License: GPL v3 PyPI version

TabulaRDF - Functionality for DataFrame to RDF conversions.

Although TabulaRDF was primarily designed for table to RDF conversions, the TemplateConverter class should be general enough to allow conversions to basically any target format.

Just like the TemplateGraphConverter class parses renderings into an rdflib.Graph instance, renderings could e.g. also get parsed into an lxml.etree.

Requirements

  • python >= 3.11

Usage

TabulaRDF provides two main approaches for table conversions, a template-based approach using the Jinja2 templating engine and a pure Python/callable-based approach.

Also a CLI for template conversions is available, see TaCL below.

Template converters

Template converters are based on the generic TemplateConverter class which allows to iterate over a dataframe and pass table data to Jinja renderings.

Two different render strategies are available through the render method and the render_by_row method respectively.

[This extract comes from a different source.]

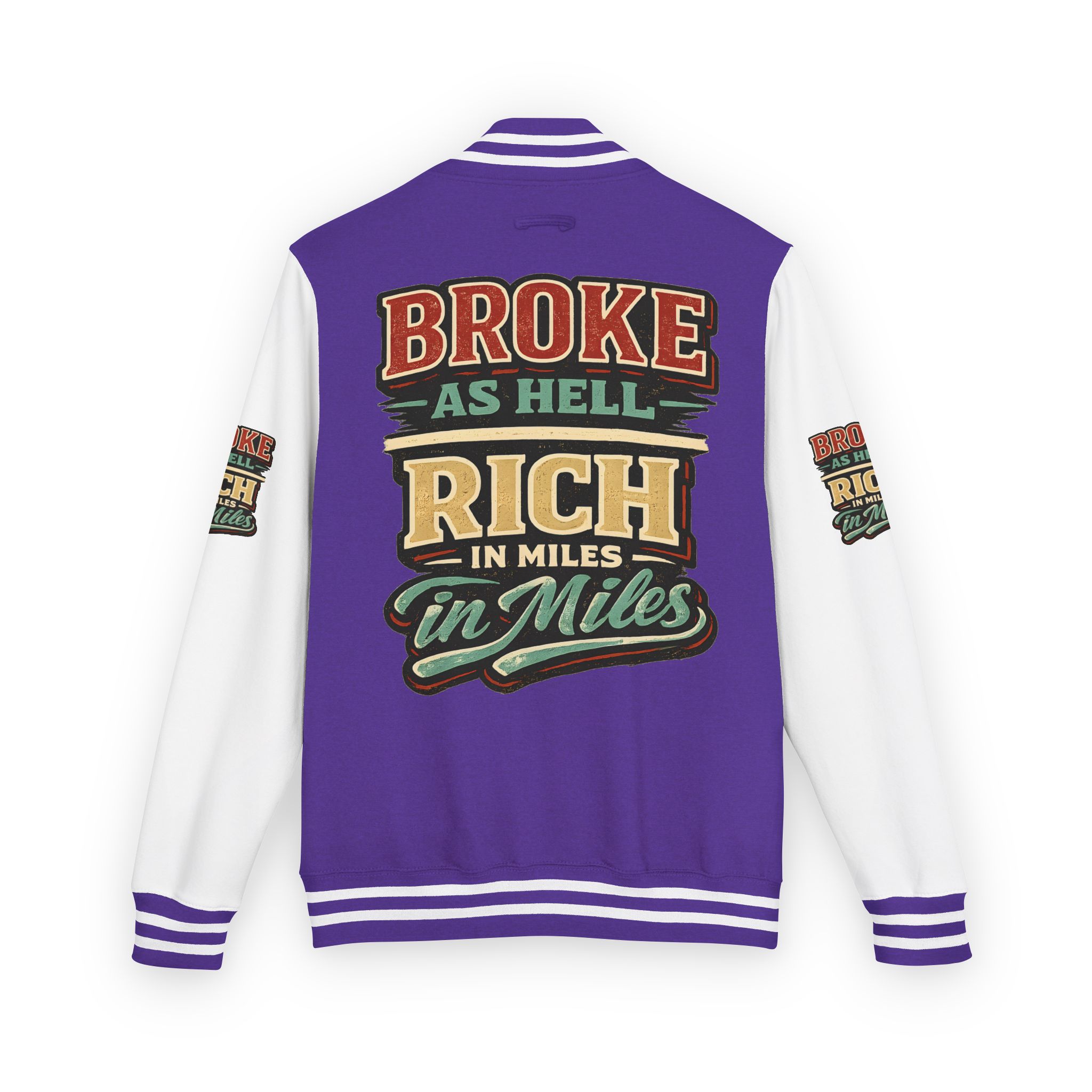 7757745503035328851_2048-1.jpeg Unisex Heavyweight Letterman Jacket — "Broke As Hell" Design F**K-Line
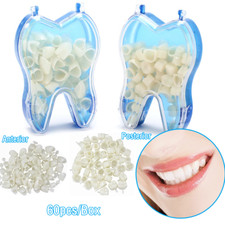 60Pcs/Box Dental Temporary Crown Veneers Anterior/Posterior Veneer Resin Teeth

  • With the render method, every template gets passed the entire table data as "table_data"; this means that iteration must be done in the template.
  • With the render_by_row method, for every row iteration the template gets passed the current row data (as "row_data") only; so iteration is done at the Python level, not in the template.

The TemplateGraphConverter class uses the render_by_row method and parses renderings into an rdflib.Graph instance.

import pandas as pd

from jinja2 import Template
from tabulardf import TemplateGraphConverter

table = [
    {
        "id": "rem",
        "full_title": "Reference corpus Middle High German"
    },
    {
        "id": "SweDracor",
        "full_title": "Swedish Drama Corpus"
    }
]

dataframe = pd.DataFrame(data=table)

template = Template(
    """
    @prefix crm: <http://www.cidoc-crm.org/cidoc-crm/> .
    @prefix rdf: <http://www.w3.org/1999/02/22-rdf-syntax-ns#> .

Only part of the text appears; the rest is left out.